Scientific classification
- Kingdom: Plantae
- Clade: Embryophytes
- Clade: Tracheophytes
- Clade: Spermatophytes
- Clade: Angiosperms
- Clade: Eudicots
- Clade: Rosids
- Order: Sapindales
- Family: Rutaceae
- Genus: Citrus
- Species: C. inodora
- Binomial name: Citrus inodora F.M. Bailey
- Synonyms: Citrus maideniana Domin; Microcitrus inodora (F.M.Bailey) Swingle; Microcitrus maideniana (Domin) Swingle; Pleurocitrus inodora (F.M.Bailey) Tanaka;

= Citrus inodora =

- Genus: Citrus
- Species: inodora
- Authority: F.M. Bailey
- Conservation status: EN
- Synonyms: Citrus maideniana Domin, Microcitrus inodora (F.M.Bailey) Swingle, Microcitrus maideniana (Domin) Swingle, Pleurocitrus inodora (F.M.Bailey) Tanaka

Species of tree

Citrus inodora or Microcitrus inodora, commonly known as Russell River lime or large leaf Australian wild lime, is a tree native to the Bellenden-Ker Range in northern Queensland, Australia.

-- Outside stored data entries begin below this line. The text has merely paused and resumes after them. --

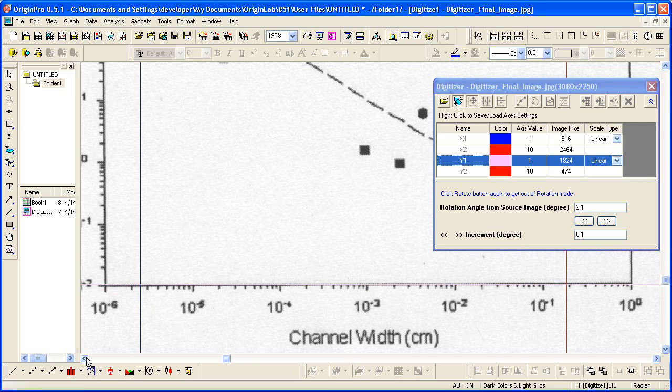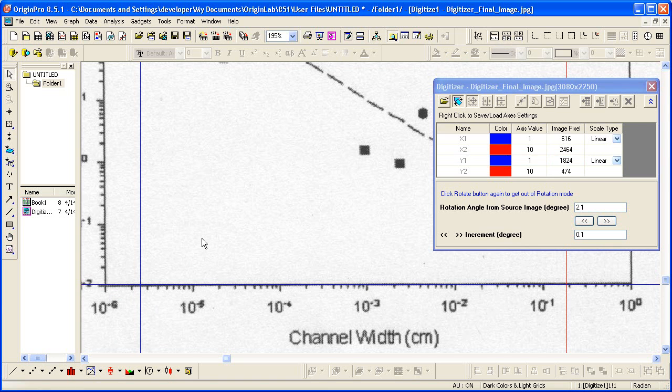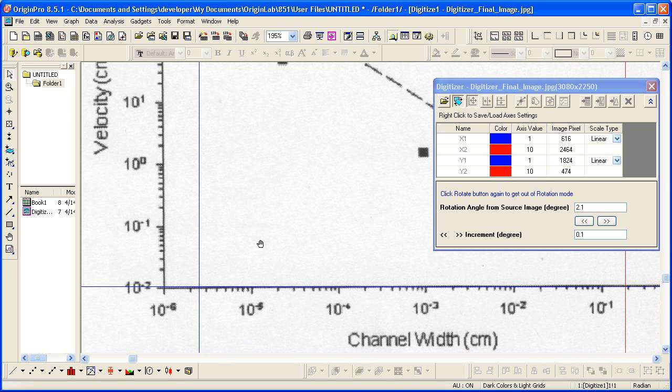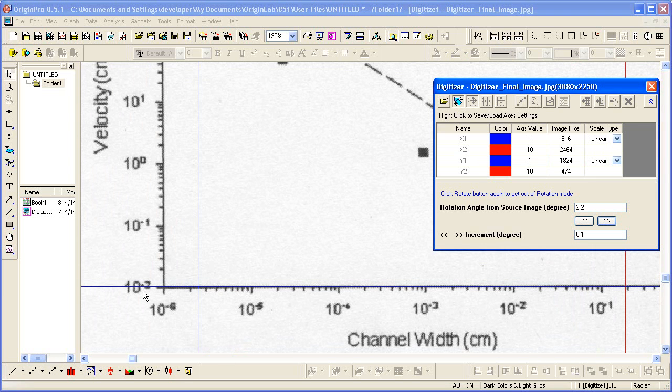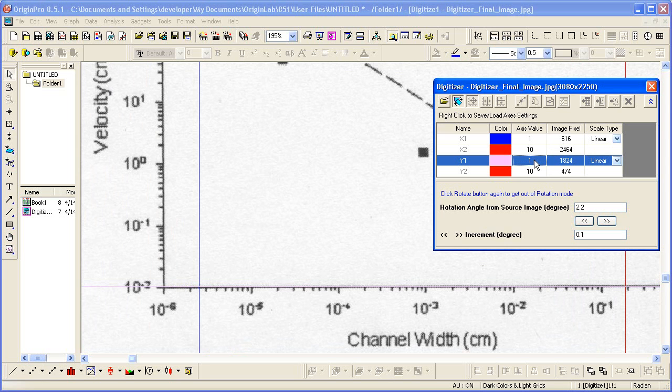Once that's lined up, we then need to specify the axis value. So that's located at 10 to the minus 2. So Y1 here is 1E to the minus 2.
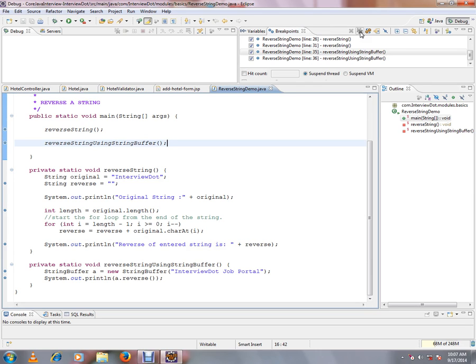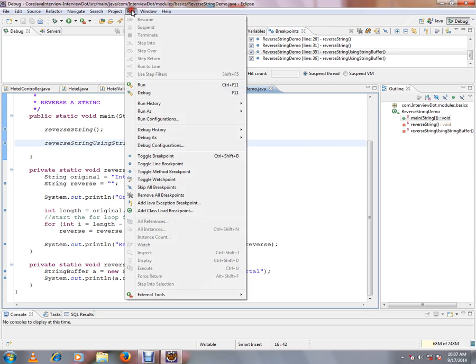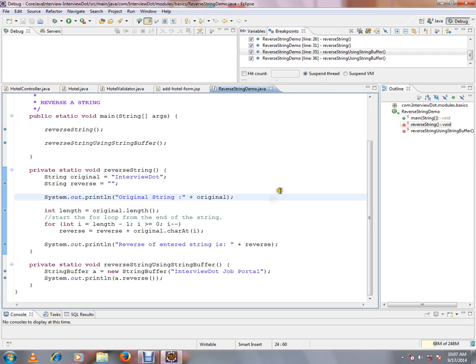There is one more option, third option. Click on the run menu. You can see here remove all breakpoints. So I have kept a lot of breakpoints in my Java class for demo.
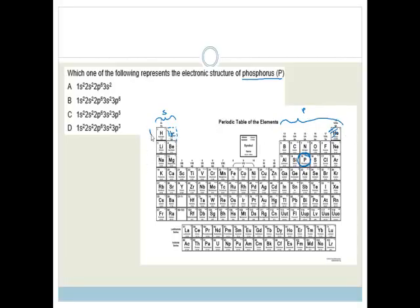This is period 1, this is period 2 and period 3. We know we need to get as far as period 3, so all the options get that far. We also know that the last electron of phosphorus is in a P orbital, so we can cross out the option that doesn't end in a P orbital.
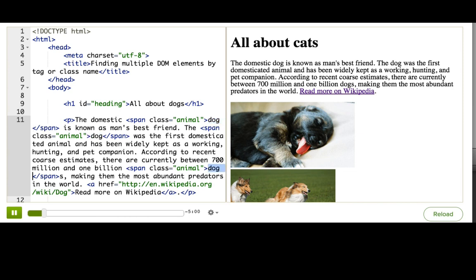Each of them are surrounded by a span tag, and for each of them, that span tag has a class of animal. So, we could either find all the span tags, or find all the tags of that class. And now I'll show you how to do either of those.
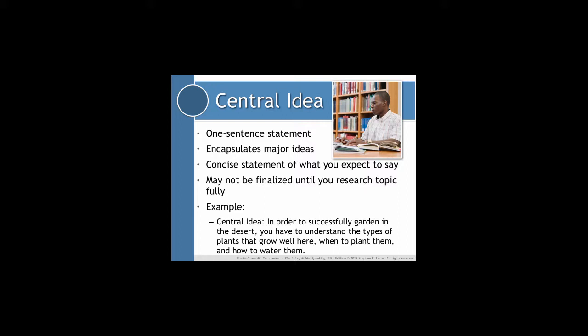The central idea doesn't often just spring into your mind as easily as a specific purpose does. In fact, it might not be finalized until you're well into the speech, but you have to keep it in mind because it is really critical in deciding what your main points are going to be.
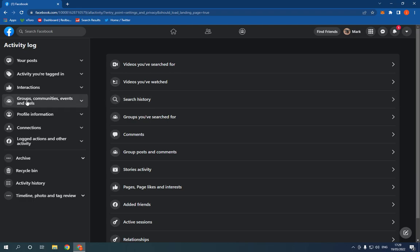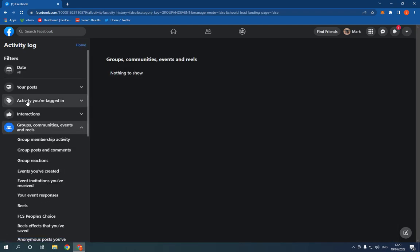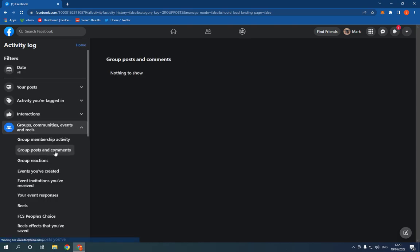Here on this option. Now go down, click on group posts and comments. And right here, as you can see, you will find all your group posts and comments easily and fast.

Citrus inodora is a shrub up to 4 m tall. The fruit is egg-shaped and yellowish-green. Leaves and flowers are essentially odourless, lacking the aromatic oils characteristic of the genus.

==Phenology==
Flowering occurs from August to November with fruiting observed in January, March and June.

==Distribution and Habitat==
Citrus inodora is only known to occur in lowland tropical rainforest and in Backhousia bancroftii forest as an understorey plant at elevations from sea level to 120m on the eastern side of Bellenden Ker Range to Mount Bartle Frere area, and at Cape Tribulation.

Much of its native range has now been cleared for agricultural use including banana and sugar cane plantations.

==Varieties==
Citrus maideniana, also known as Microcitrus maideniana, Citrus inodora var. maideniana, and Maiden's Australian lime, is sometimes considered a variety or subspecies of Citrus inodora. The two have similar distributions and the deeply depressed apex of the fruit of Citrus maideniana is the only difference between it and Citrus inodora. It is sometimes considered a synonym of Citrus inodora.

==Conservation status==
Citrus inodora is listed as "endangered" under the Queensland Nature Conservation Act 1992. It is not listed under the Australian Environment Protection and Biodiversity Conservation Act 1999

==Uses==
There has to date been no commercial use of the fruits.